__Directions for this task__
Write out again, word for word, the lines below from the line that holds "istock Quonset huts" through the line that holds "Summer flounder caught on Fishbrain", omitting pictures.

__Material for the task__
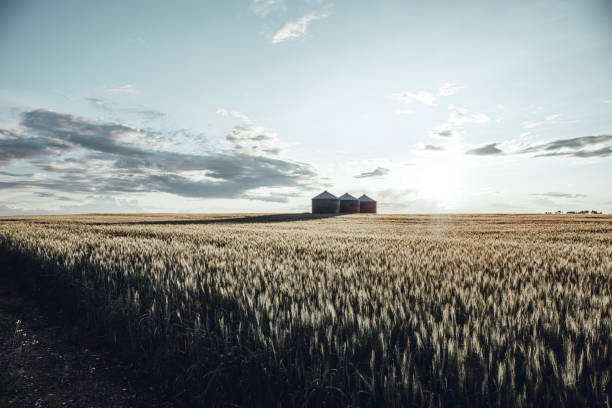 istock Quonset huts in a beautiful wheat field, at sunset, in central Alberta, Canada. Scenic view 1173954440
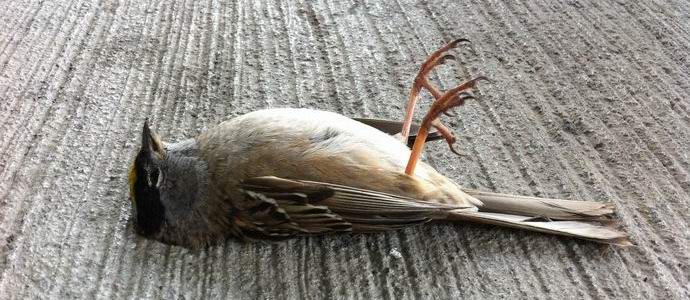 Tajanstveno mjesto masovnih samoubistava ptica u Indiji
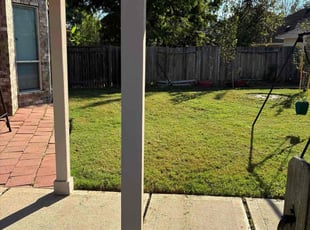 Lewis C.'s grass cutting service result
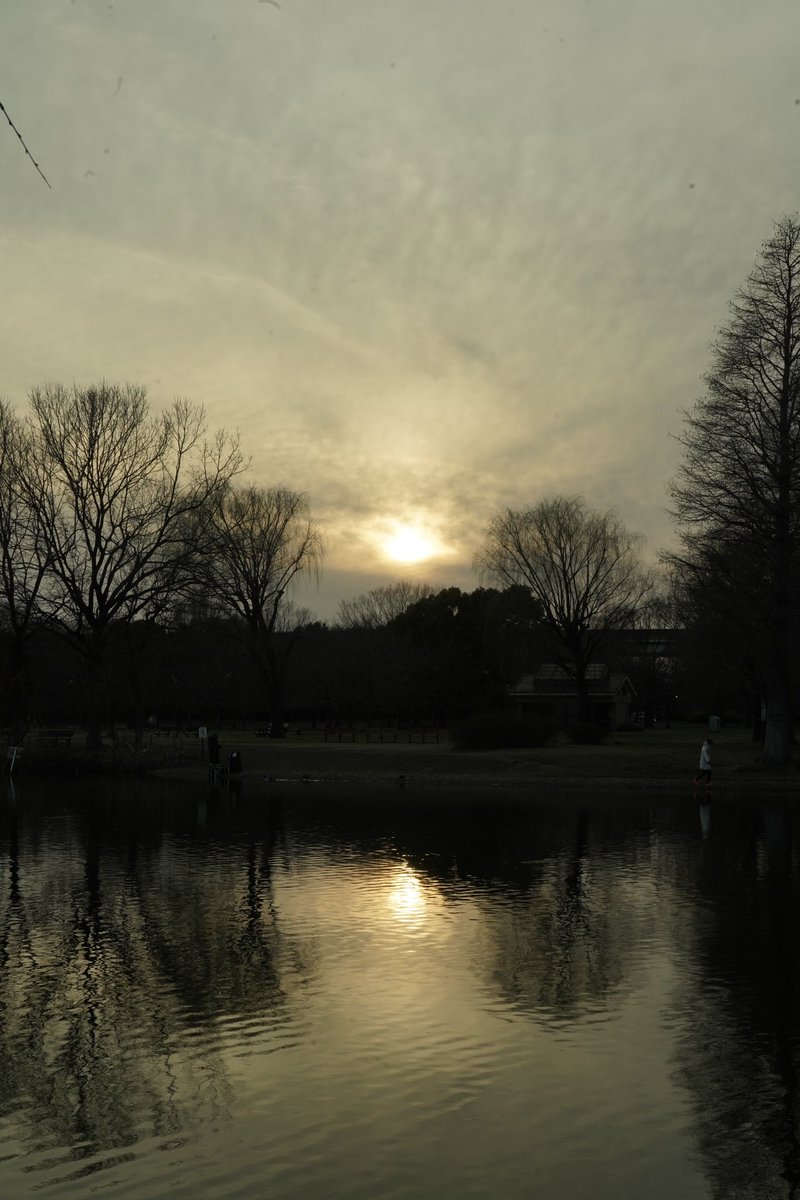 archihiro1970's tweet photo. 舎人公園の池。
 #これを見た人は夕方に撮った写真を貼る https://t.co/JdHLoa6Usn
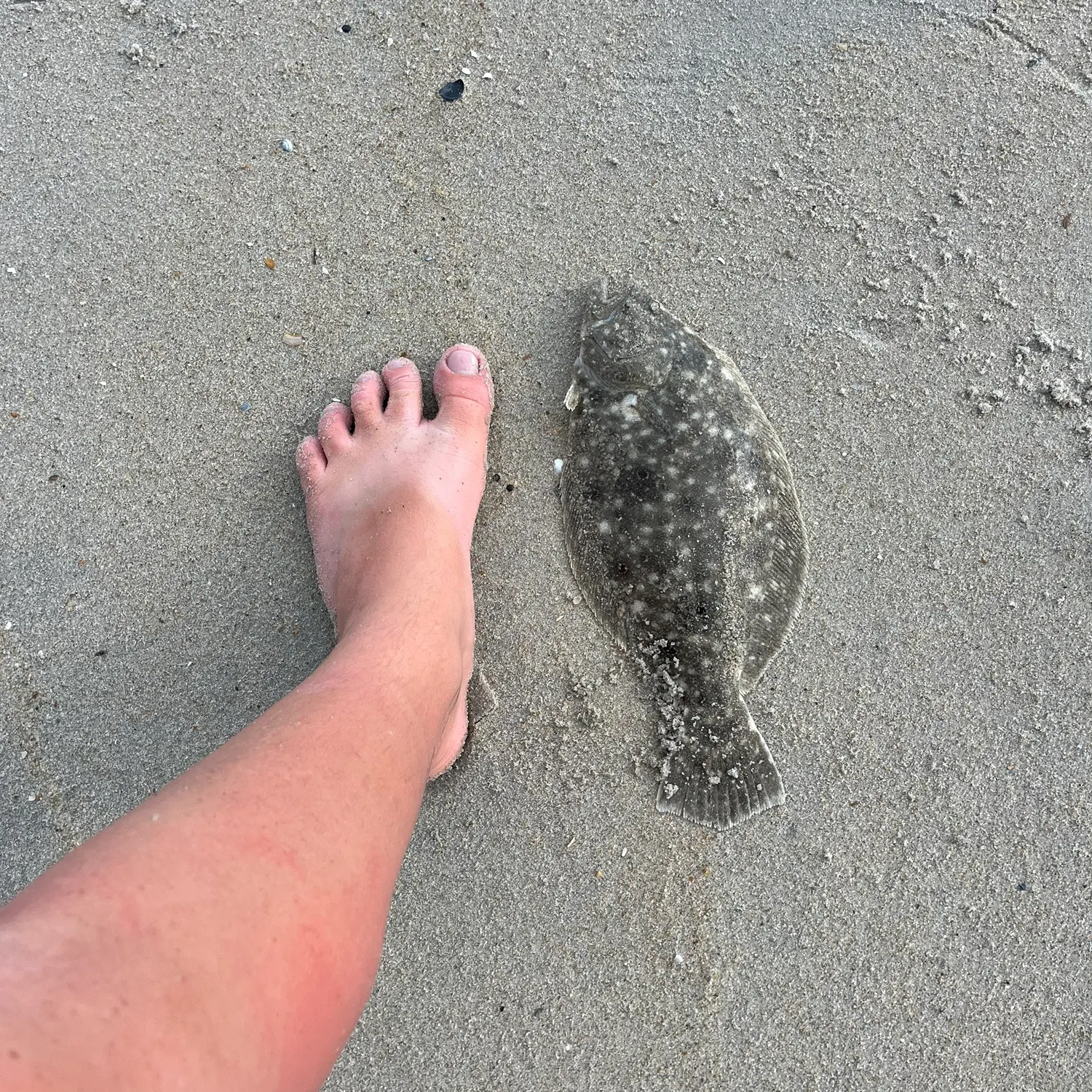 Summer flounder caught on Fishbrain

==

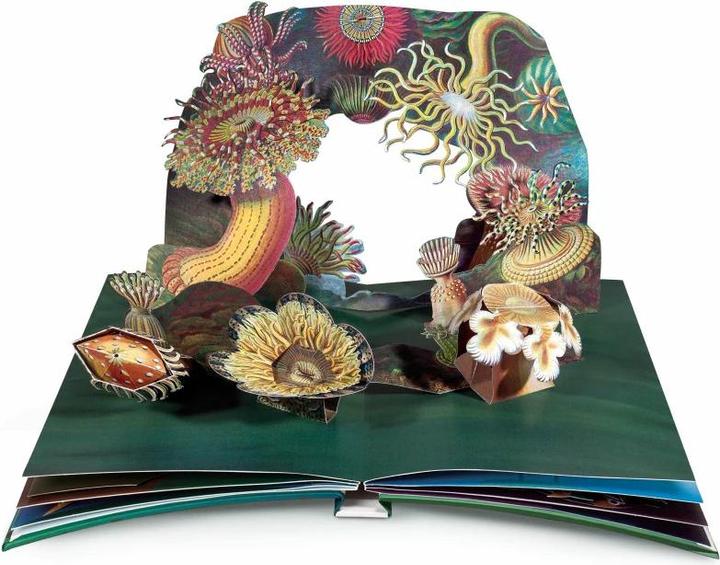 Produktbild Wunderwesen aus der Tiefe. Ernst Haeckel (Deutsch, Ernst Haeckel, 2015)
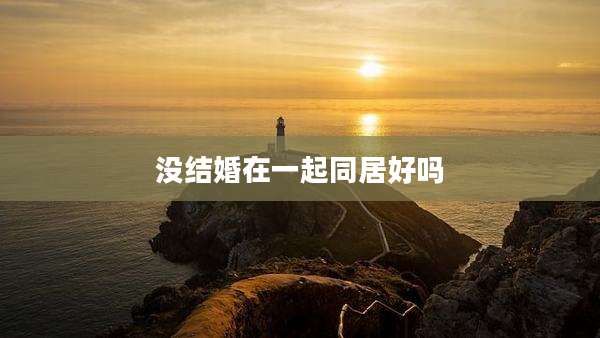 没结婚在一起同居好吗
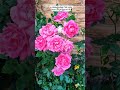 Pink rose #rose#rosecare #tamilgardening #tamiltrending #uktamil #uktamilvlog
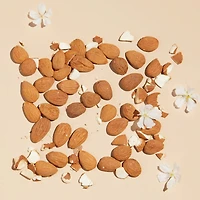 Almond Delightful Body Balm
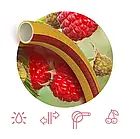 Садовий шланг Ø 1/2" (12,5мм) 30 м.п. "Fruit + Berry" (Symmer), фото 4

__Answer to this problem__
 istock Quonset huts in a beautiful wheat field, at sunset, in central Alberta, Canada. Scenic view 1173954440
 Tajanstveno mjesto masovnih samoubistava ptica u Indiji
 Lewis C.'s grass cutting service result
 archihiro1970's tweet photo. 舎人公園の池。
 #これを見た人は夕方に撮った写真を貼る https://t.co/JdHLoa6Usn
 Summer flounder caught on Fishbrain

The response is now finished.